## PROBLEM DESCRIPTION
Lines to restate from the data below: from the one containing "Ambiente Commerciale in" to the one containing "Snapshot of Darbelimatkap38", both included. Give them again exactly, and only them.

## RECORDS TO PROCESS
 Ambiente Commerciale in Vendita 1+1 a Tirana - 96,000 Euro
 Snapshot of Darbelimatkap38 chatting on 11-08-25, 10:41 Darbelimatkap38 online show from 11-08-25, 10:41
* * *
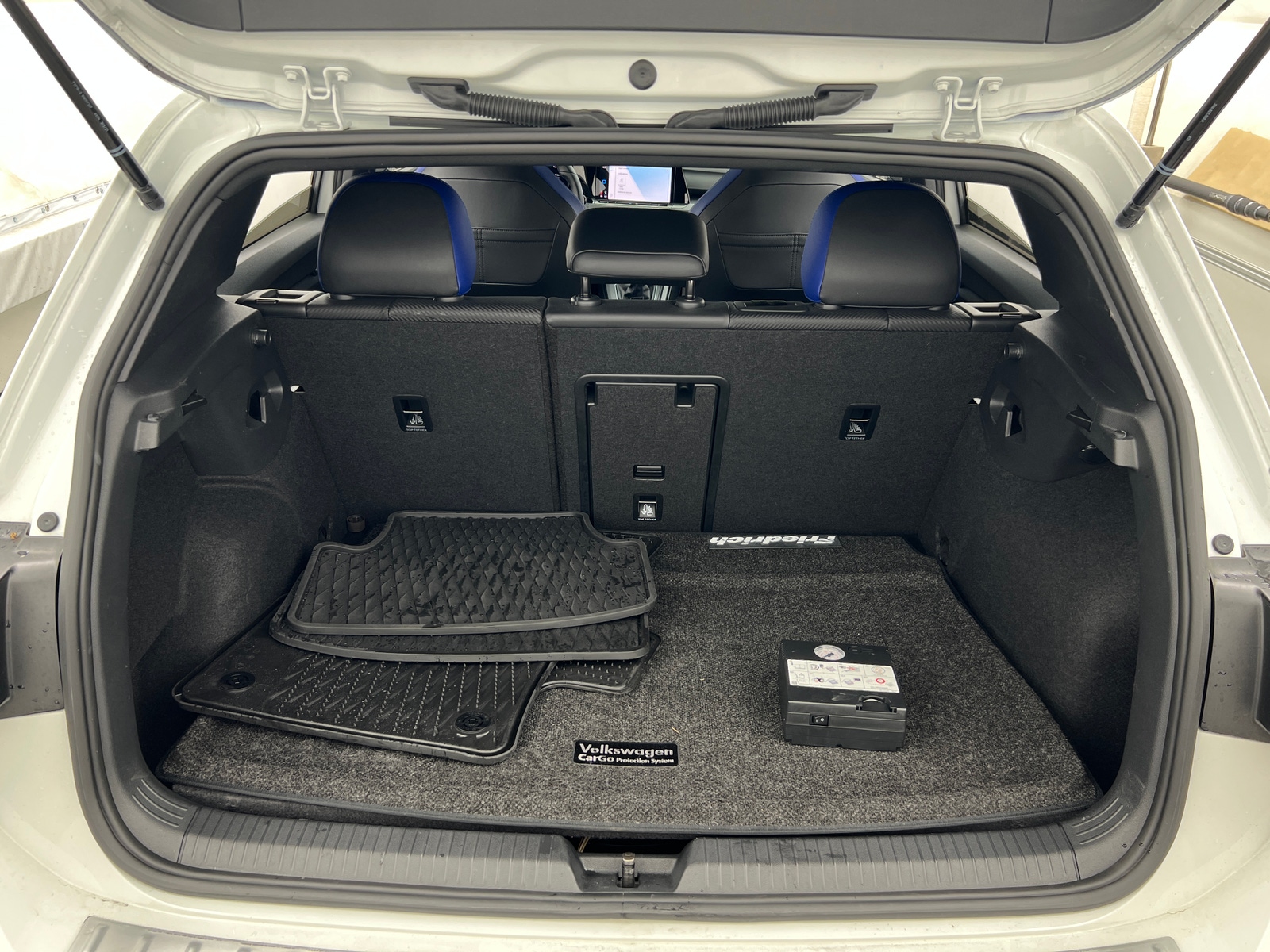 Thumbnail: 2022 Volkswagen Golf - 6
* * *
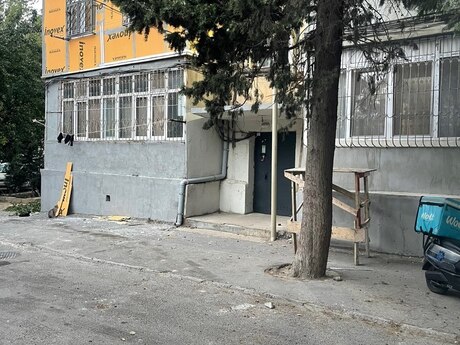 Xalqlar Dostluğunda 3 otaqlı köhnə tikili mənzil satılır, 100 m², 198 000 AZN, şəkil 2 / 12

## ANSWER SECTION
 Ambiente Commerciale in Vendita 1+1 a Tirana - 96,000 Euro
 Snapshot of Darbelimatkap38 chatting on 11-08-25, 10:41 Darbelimatkap38 online show from 11-08-25, 10:41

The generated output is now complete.